DENMARK – Returns at Danish pensions administrator PKA rose to 13.7% in 2012 after both equities and bonds produced strong profits.
The return was DKK21bn (€2.8bn) in absolute terms, and up from 2011’s 9.4%.
Michael Nellemann Pedersen, investment director at PKA, said: “All asset classes contributed positively to the result, and that is quite extraordinary.”
Never before had he experienced a time when both equities and bonds delivered such big returns simultaneously, he said.
The favourable financial situation was due to the fact central bankers in China, Europe and the US had flooded the market with high levels of liquidity, he said.
Nominal bonds produced a return of 10.7%, with Southern European government bonds in particular contributing to the profit, with a return of 18.1%.
Nellemann Pedersen said PKA had done well to anticipate that a number of Southern European countries and Ireland were worth investing in, despite the crisis.
“At the same time, we decided to get rid of Danish government bonds, which was a very wise decision,” he added.
Quoted shares returned 18.9%, including a profit on Danish shares of 27.4%.
“We used the favourable conditions on the stock market to restructure our portfolio, so we have better risk diversification and greater flexibility at lower cost,” he said.
In concrete terms, this meant PKA would be more robust and better positioned to achieve good returns, in both good and bad times, he said.
In order to spread risk more broadly and sharpen the focus on its unquoted portfolio – private equity, infrastructure, forestry and agriculture – PKA established the investment company PKA AIP, he said.
The new company had already made several infrastructure investments and started working with a range of industrial firms to promote Danish exports, know-how and employment, he said.
“There are many projects in the pipeline, particularly in infrastructure, which will help us increase our current investments of DKK6bn to DKK16bn in the course of the next few years, not least in PPP projects,” he said.
Meanwhile, labour-market pension fund PenSam made a 14.1% return for customers with unit-link plans and 12.6% on traditional with-profits pensions, according to provisional results for 2012.
This compares with 15.7% in 2011 for ‘Tradition’ with-profits plans and 2.2% for the ‘Fleksion’ unit link product.
Helen Kobæk, director of PenSam, said: “It has been a difficult investment year, with uncertainty about growth prospects and great political uncertainty.”
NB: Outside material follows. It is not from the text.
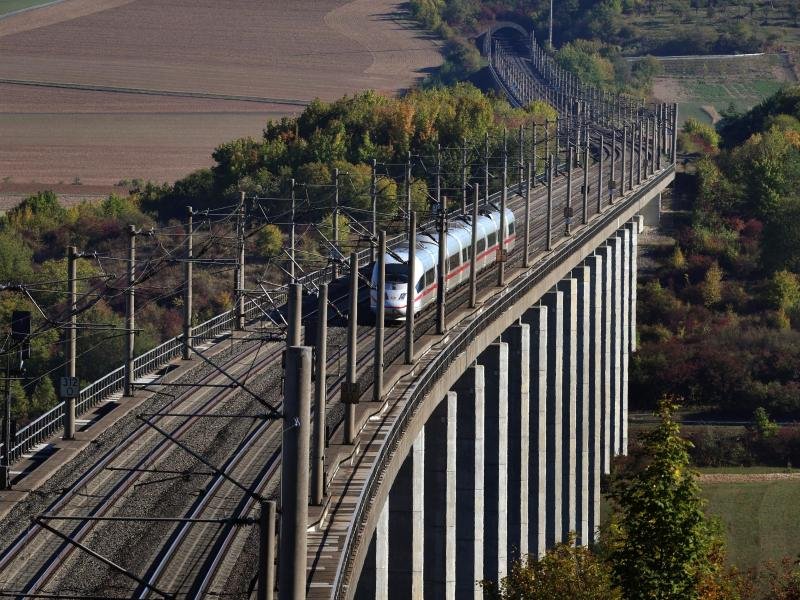 Wegen Sanierungsarbeiten ist die ICE-Strecke zwischen Würzburg und Fulda bis zum 17. Oktober gesperrt. Fahrgäste müssen sich auf längere Fahrzeiten einstellen.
She said it was therefore satisfying to be able to confirm that PenSam Liv had produced a good return for customers in 2012 as well.
The investment result confirmed that the more active and focused investment strategy decided on in 2010 was bearing fruit, the fund said.
It put the result down to deliberate diversification of risk in combination with risk capacity and willingness to invest in several asset classes – all of which had produced good returns.
Investment director Benny Buchardt Andersen said the increased focus on risk capacity had made it possible for PenSam to invest in shares and credit bonds from the beginning of the year.
“These are the assets that grew the most over the course of the year,” he said. “We have had our eye on the uncertain political, economic and financial situation in large parts of the world, and have therefore spread our investments.”
In other results, Unipension reported higher returns for the three professional pension funds it runs of between 12.8% and 13.3% for 2012.
The Architects’ Pension Fund (AP) returned 13.3% for members, the Pension Fund for Danish MAs, MScs and PhDs (MP) produced 12.8% and the Pension Fund for Agricultural Academics and Veterinary Surgeons (PJD) returned 12.9%.
This compares with 2.9%, 3.8% and 3.3%, respectively, in 2011.
Niels Erik Petersen, head of investment at Unipension, said: “The results are provisional, but does look undeniably good for all three pension funds at Unipension.”
Unipension could once again put money aside for bad years as well as give members a good account dividend of 4.25% after tax, he said.
The previous year’s account dividend was set at 5%.